DATA EXCERPT.
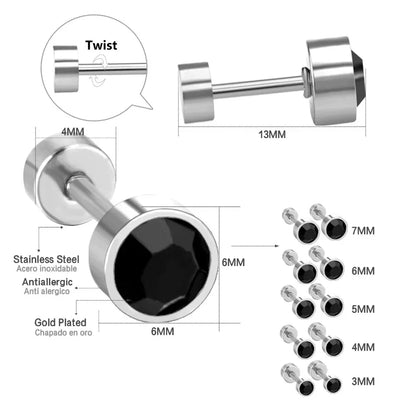 Black Crystal Screw Back Stud Earrings | Stainless Steel Fashion Jewelry for Women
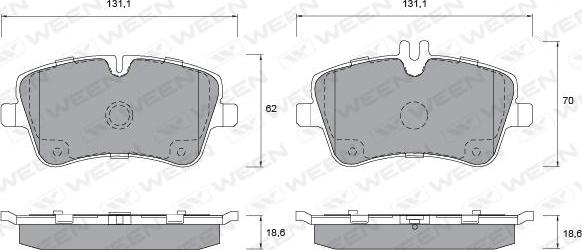 Ween 151-1295 - Kit de plaquettes de frein, frein à disque cwaw.fr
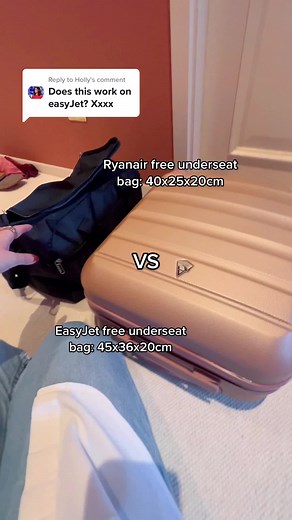 Replying to @Holly here’s the difference between the ryanair and easyjet free underseat bags - you get 14cm more with easyjet so the ryanair bag *definitely* fits ✈️🧳 #amazonfinds #ryanair #underseatbag #ryanairbag #easyjet #personalitembag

GOAL OF THE EXERCISE. Return the lines of the data above in full and exactly, with no pictures.

RESULT OF THE TASK.
 Black Crystal Screw Back Stud Earrings | Stainless Steel Fashion Jewelry for Women
 Ween 151-1295 - Kit de plaquettes de frein, frein à disque cwaw.fr
 Replying to @Holly here’s the difference between the ryanair and easyjet free underseat bags - you get 14cm more with easyjet so the ryanair bag *definitely* fits ✈️🧳 #amazonfinds #ryanair #underseatbag #ryanairbag #easyjet #personalitembag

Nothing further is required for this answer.